China has recently launched a new smear campaign against His Holiness the Dalai Lama.

The Office of the Dalai Lama has strongly denied media and social media reports linking the Tibetan spiritual leader to late financier Jeffrey Epstein

The Chinese media has highlighted that his name has been found in the Epstein files. The fact of the matter is that these files are available in the public domain, and there is no mention whatsoever of any meeting between the Dalai Lama and Epstein.

China has been consistently running a misinformation campaign against the Dalai Lama, who is not only a great spiritual master but also the global face of Tibet’s struggle against Chinese occupation. One may recall that earlier, Chinese media had mischievously portrayed the Dalai Lama’s innocent act of affection towards children as an undesirable gesture.

The release of the Epstein files has provided the Chinese propaganda machinery with another opportunity to build a narrative against the Dalai Lama. In response to the Chinese allegations, the office of His Holiness has provided a detailed explanation that should be sufficient for any rational person.

The question is: what will China gain from this latest misinformation campaign? China wants to challenge the moral authority of the Dalai Lama, who is living in exile. His country, Tibet, if independent, would be the 10th-largest state in terms of geographical area in the world.

As an exiled leader, the Dalai Lama has led by example throughout his life. He commands not just moral authority but also significant spiritual space. His followers include a large number of Westerners as well, and this has helped to create a strong constituency for Tibet’s freedom struggle.

By running such smear campaigns, China wants to erode the moral authority of the Dalai Lama and question the legitimacy of Tibet’s freedom struggle.

This is not new but a tried-and-tested pattern of the Chinese regime. During Mao’s era and the heyday of communism in the Global South, when China first attacked Tibet in 1950, it justified its aggression in the name of “peaceful liberation from feudalism”. Communist propaganda portrayed the Tibetan theocracy — led by the Dalai Lama and monastic elites — as an oppressive regime of “serfs and slaves” that needed to be overthrown to modernise the region. The result of this Machiavellian plan was a 17-point agreement, which China first imposed on Tibet. But China itself did not honour this agreement and attacked Tibet nine years later. In the aftermath of this attack, the Dalai Lama had to escape to India and, since then, he has remained there.
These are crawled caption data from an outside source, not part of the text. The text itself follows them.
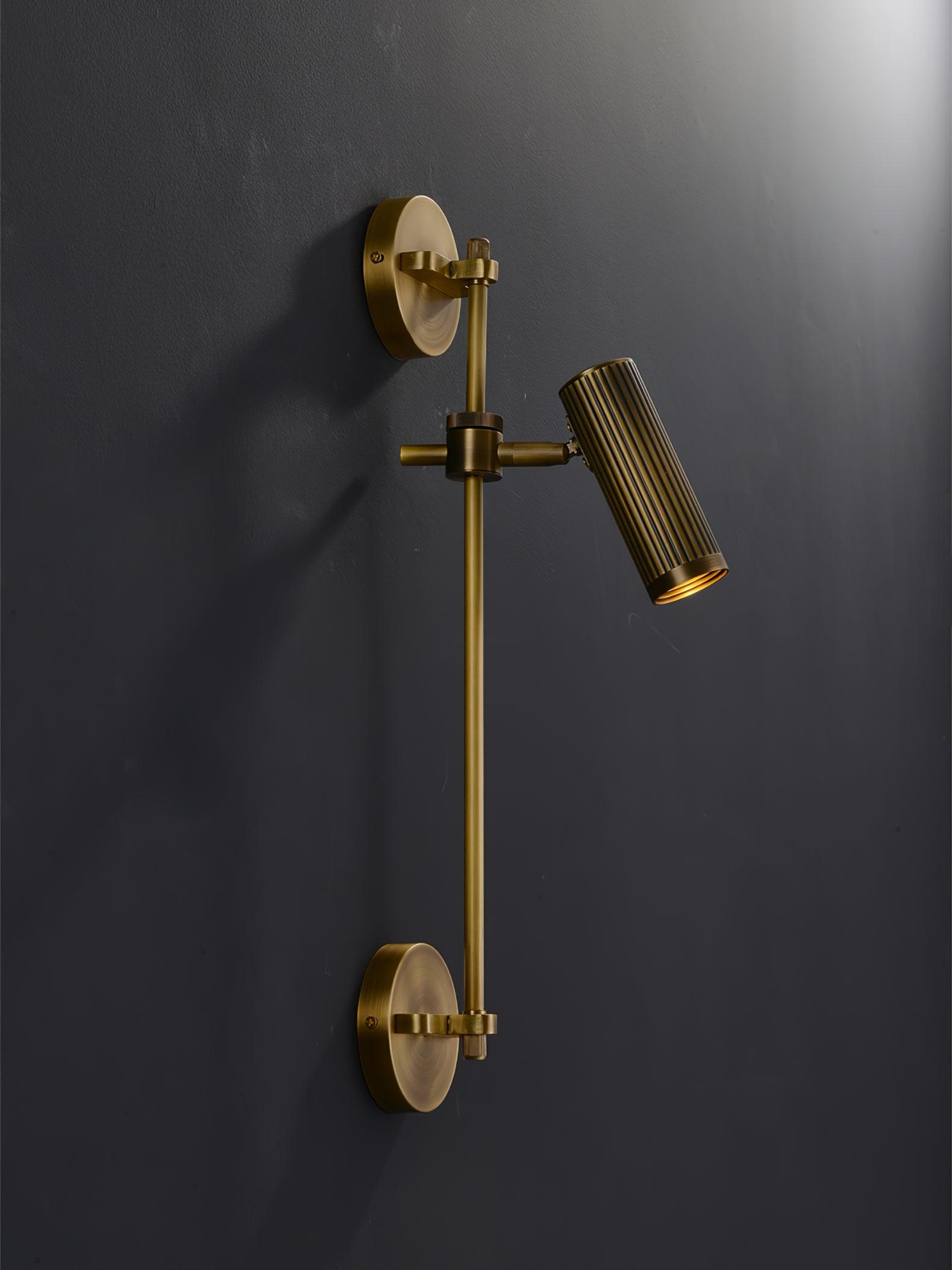 Spot Rail Wall Light - Lamp Outdoor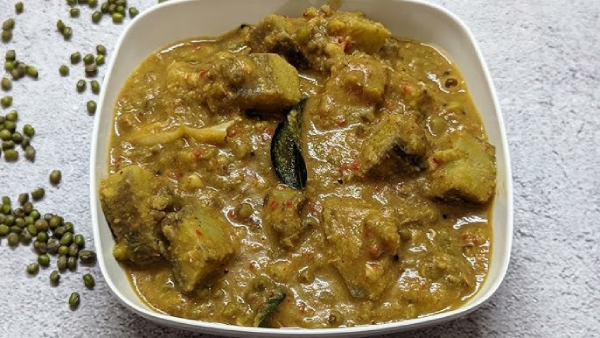 Vazhakkai Puli Kootu Recipe How to Make at Home in Tamil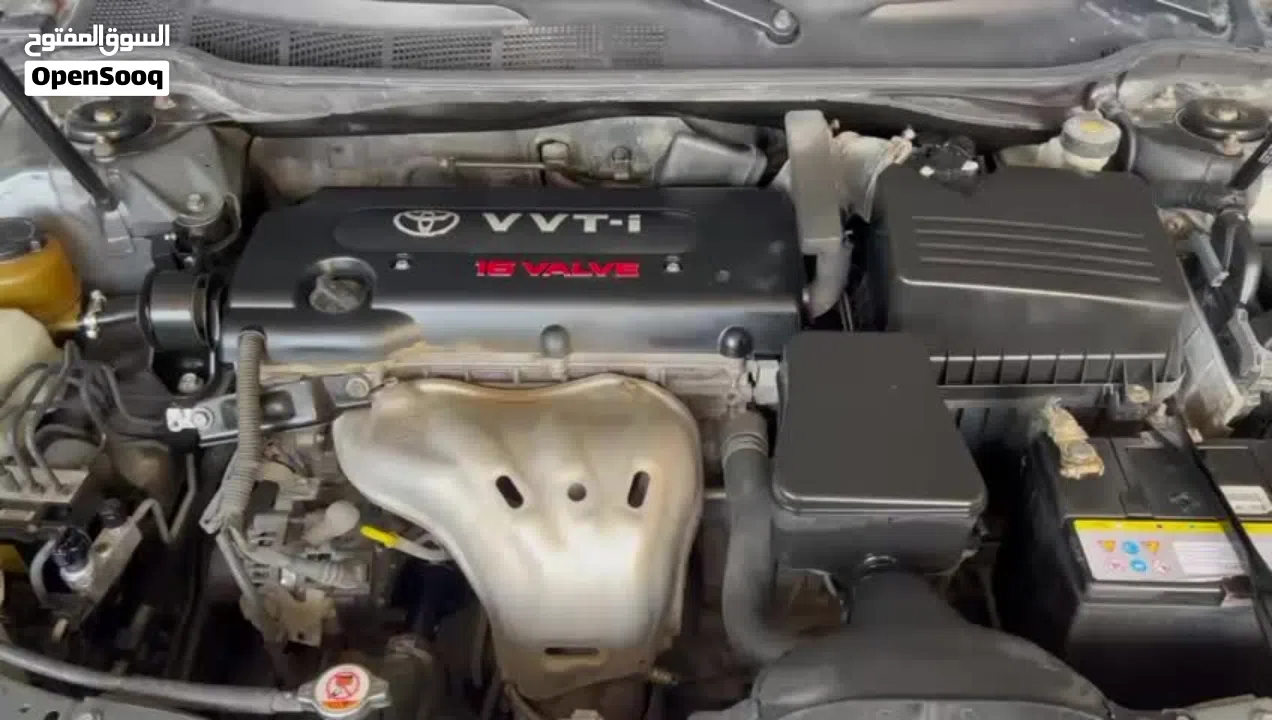 Toyota Camry 2011 Model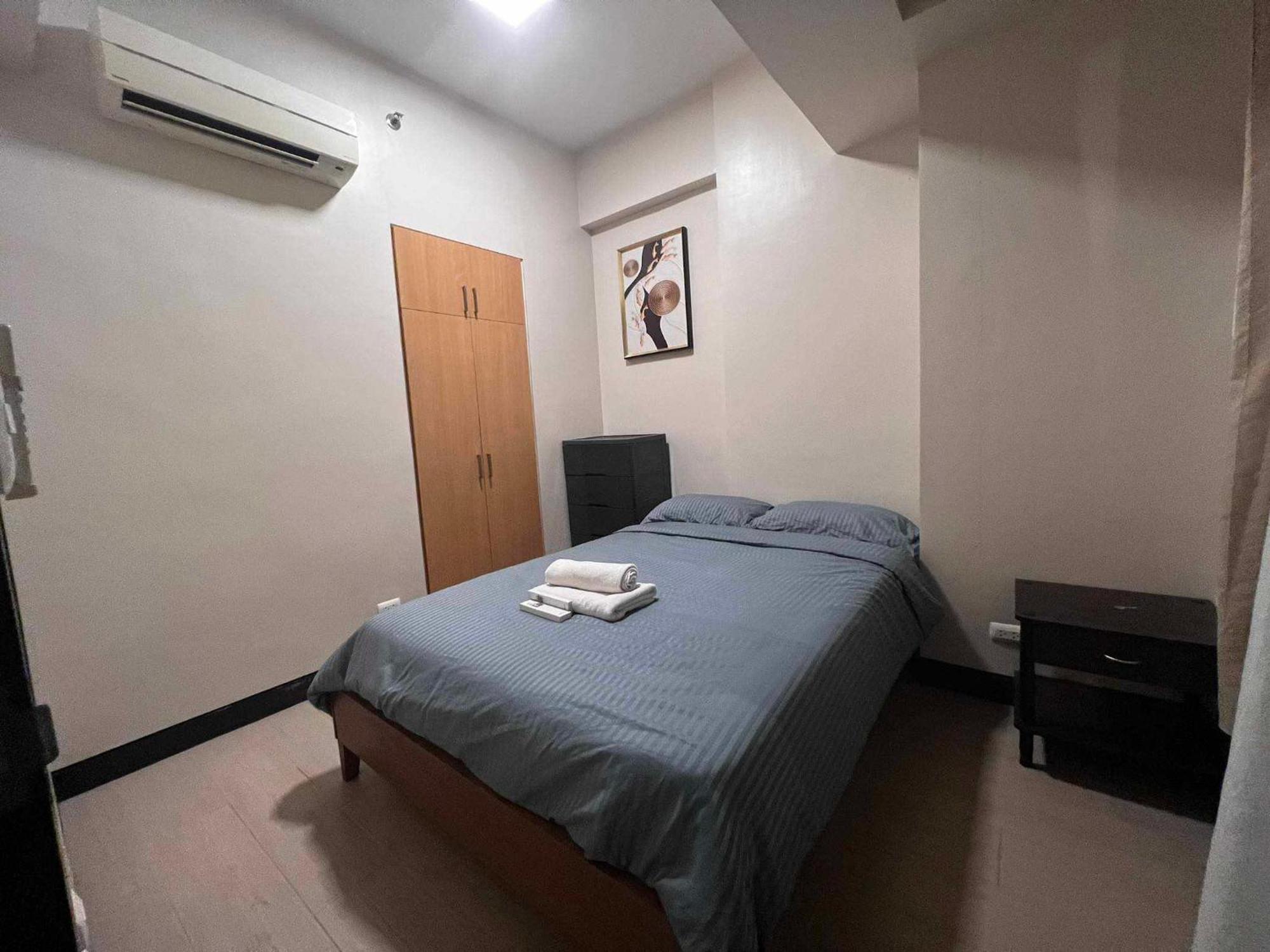 Mactan Newtown Beach Condo Lapu-Lapu City Exteriér fotografie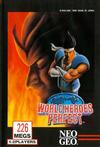 World Heroes Perfect per Neo Geo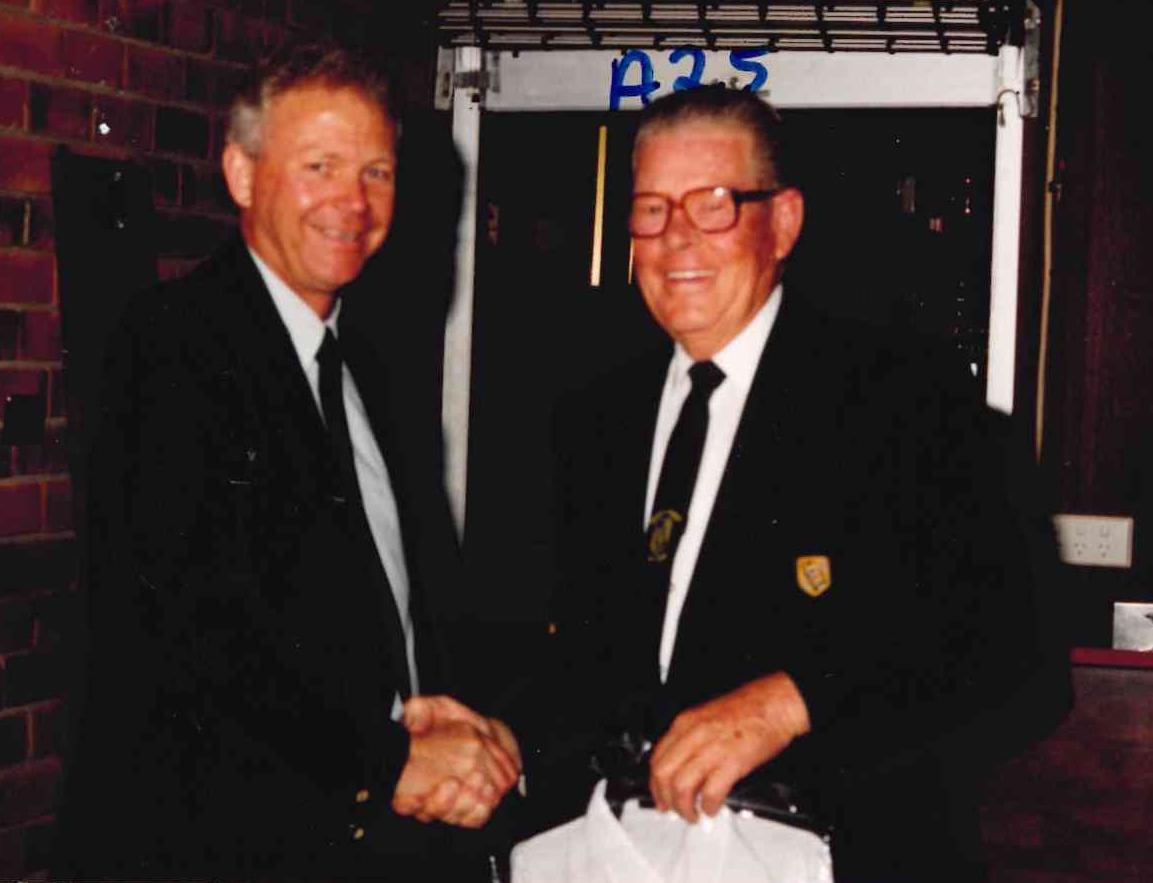 Gliddon, Mal c 1992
Coming back to the Epstein files, the Epstein archive provides fertile terrain for such narrative opportunism. Epstein’s name is widely associated with moral transgression, secrecy and misconduct by elites. Even technically correct statements, such as pointing out that the Dalai Lama’s name appears in document listings, can be framed suggestively in this emotionally charged setting. It can be difficult for the general public to distinguish between “mention” and “connection”. This strategy is similar to more general trends seen in state and non-state disinformation campaigns, where facts are selectively emphasised to suggest narratives that are not supported by the evidence.

Crucially, it seems that the messaging is appropriate for a variety of audiences. On a global scale, it coincides with a rise in mistrust of public leaders and elite institutions. Stories that suggest that “even moral icons are compromised” resonate with cynicism at a time when an increasing number of people have started distrusting moral authority. For such framing to work, it does not need to be widely accepted. It works by subtly undermining admiration and certainty.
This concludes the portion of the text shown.